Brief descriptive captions
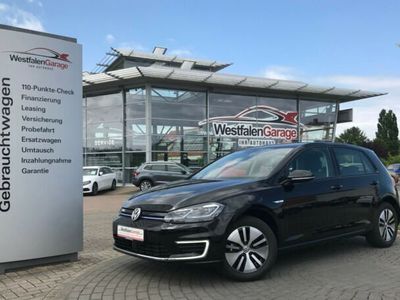 Gebraucht VW e-Golf 100 kW (136 PS) 2020 Schwarz Kleinwagen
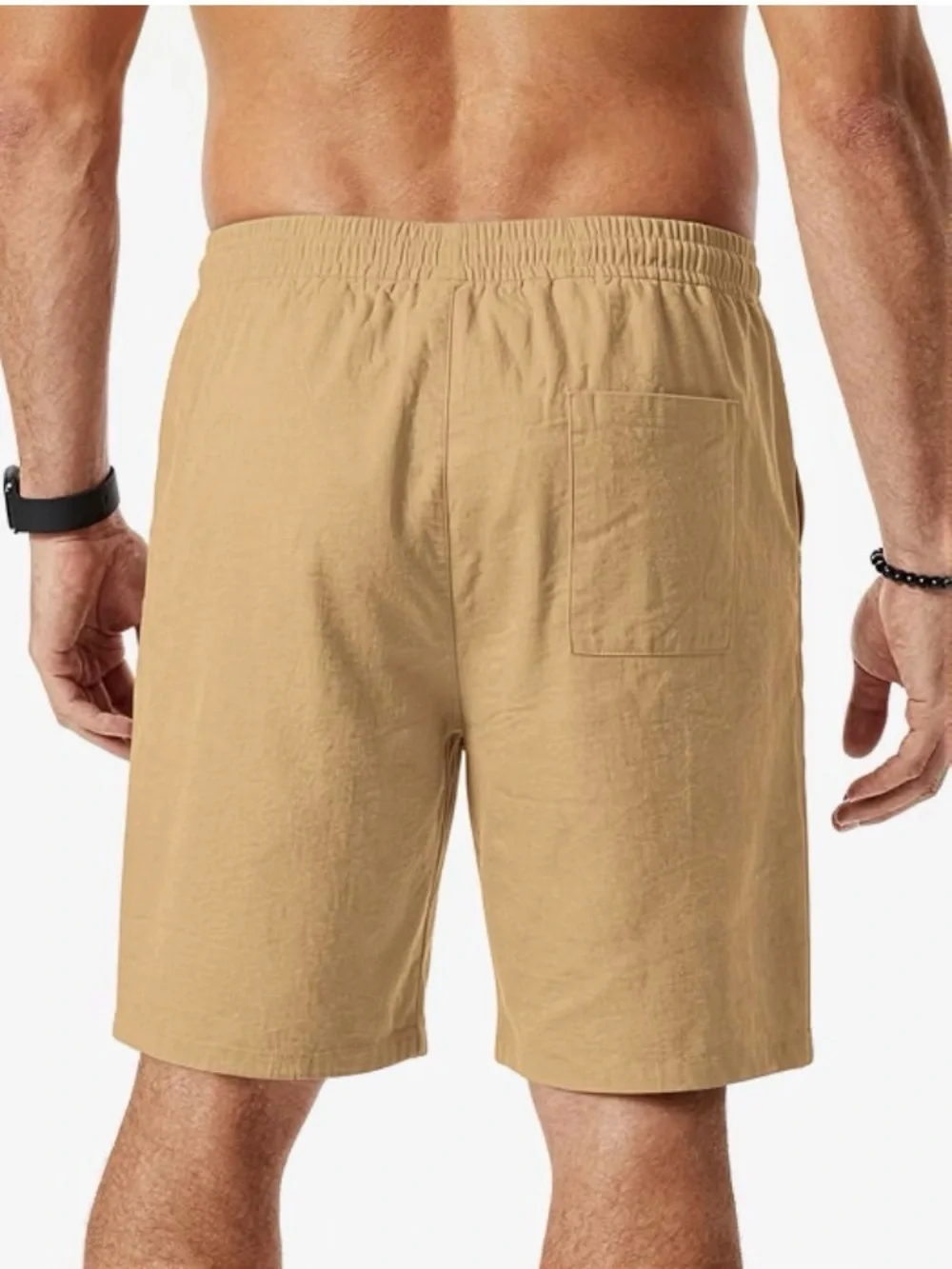 Riskrole Men’s Linen Shorts
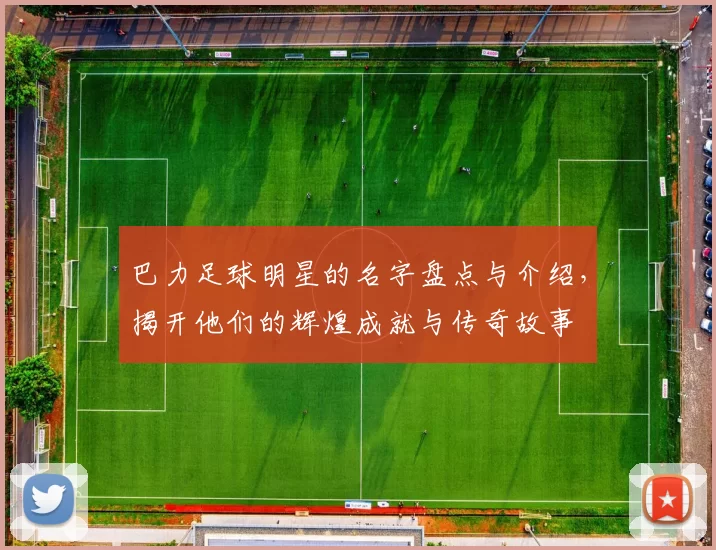 巴力足球明星的名字盘点与介绍，揭开他们的辉煌成就与传奇故事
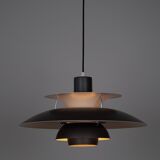 Danish vintage pendant lamp PH 5 by Poul Henningsen, Louis Poulsen, 1958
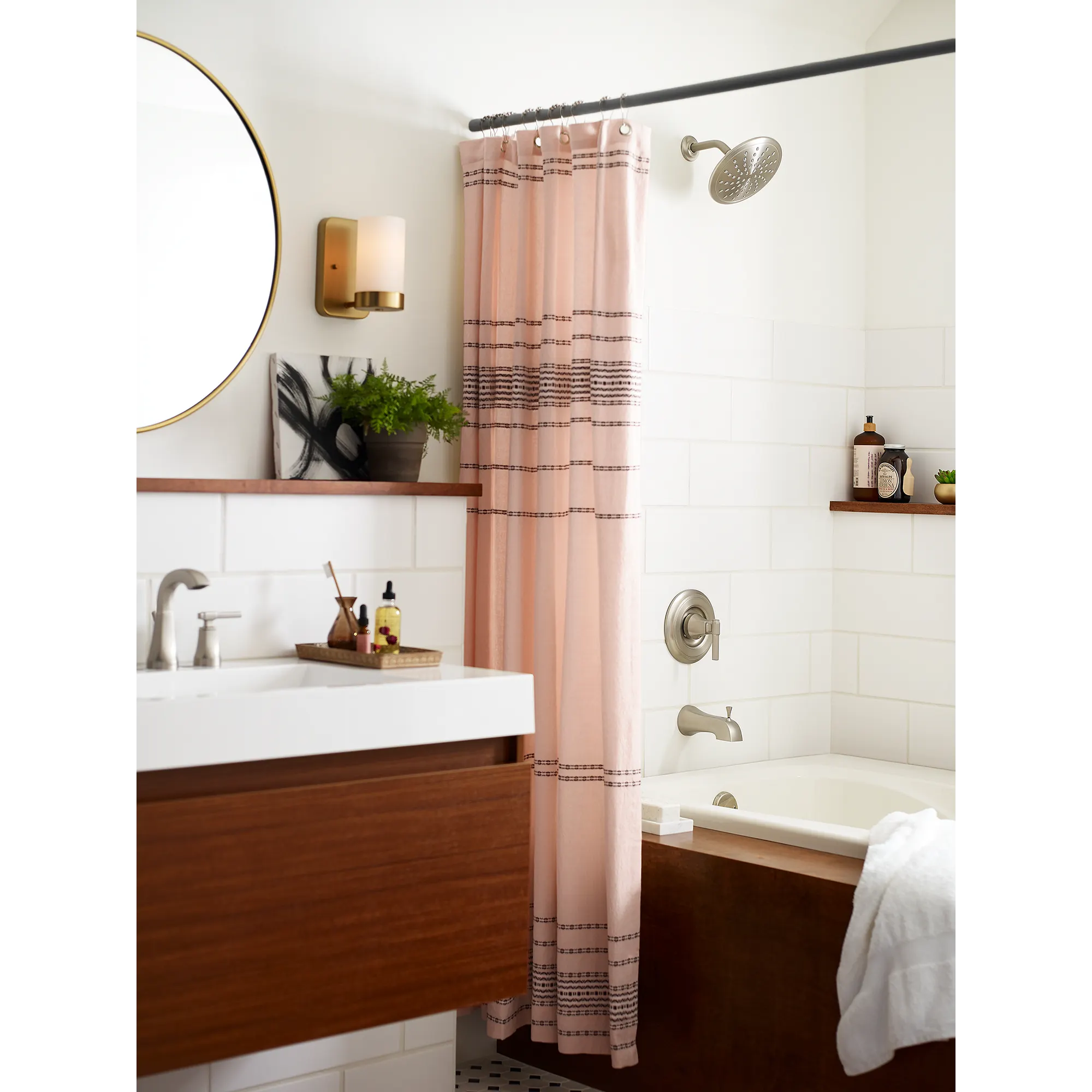 Ayda Two-Handle Widespread Bathroom Sink Faucet - Image 4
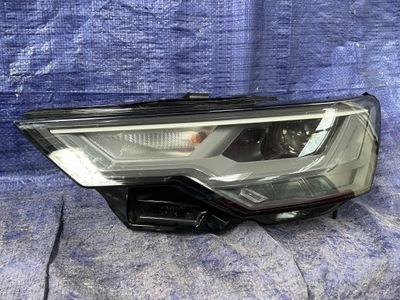 Audi a6 c8 ліва лампа full led фото №1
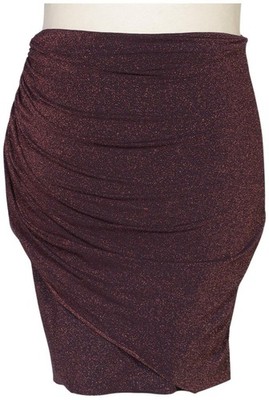 CHIARA BONI La Petite Robe Rock Damen Damenrock Gr. EU 38 (IT 44) Lila #ckon73m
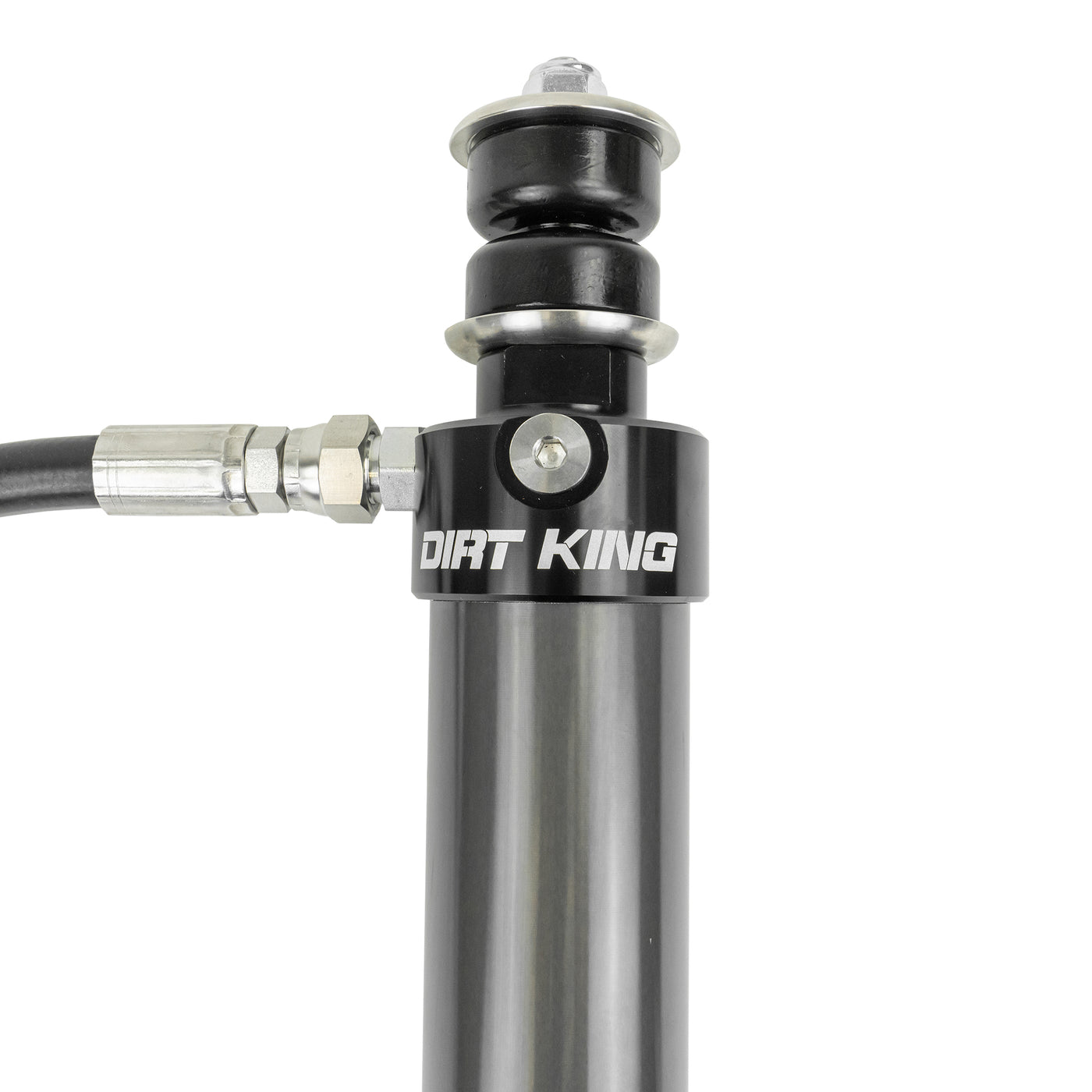 Dirt King 2.5 Smooth Body Shocks | DCA Remote Reservoir for 2022-2025 Toyota Tundra All (DK-816889R) image 2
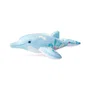 Intex Matelas gonflable de plage pour enfant - Dauphin, 175 cm, Mixte, Gris et noir
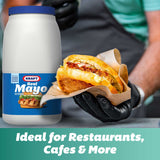 Kraft Real Mayo Creamy & Smooth Mayonnaise - 1 gal - 2 Count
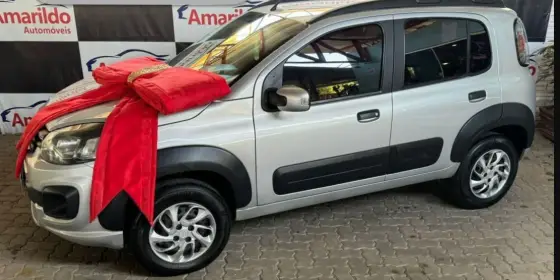 FIAT UNO 1.0 FIREFLY FLEX WAY 4P MANUAL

YOUR INSTRUCTIONS >>
Retype, word for word, the line containing "Intex Matelas gonflable" and each line after it through the end of the data, leaving any picture out.

ANSWER TO THE EXERCISE >>
 Intex Matelas gonflable de plage pour enfant - Dauphin, 175 cm, Mixte, Gris et noir
 Kraft Real Mayo Creamy & Smooth Mayonnaise - 1 gal - 2 Count
 FIAT UNO 1.0 FIREFLY FLEX WAY 4P MANUAL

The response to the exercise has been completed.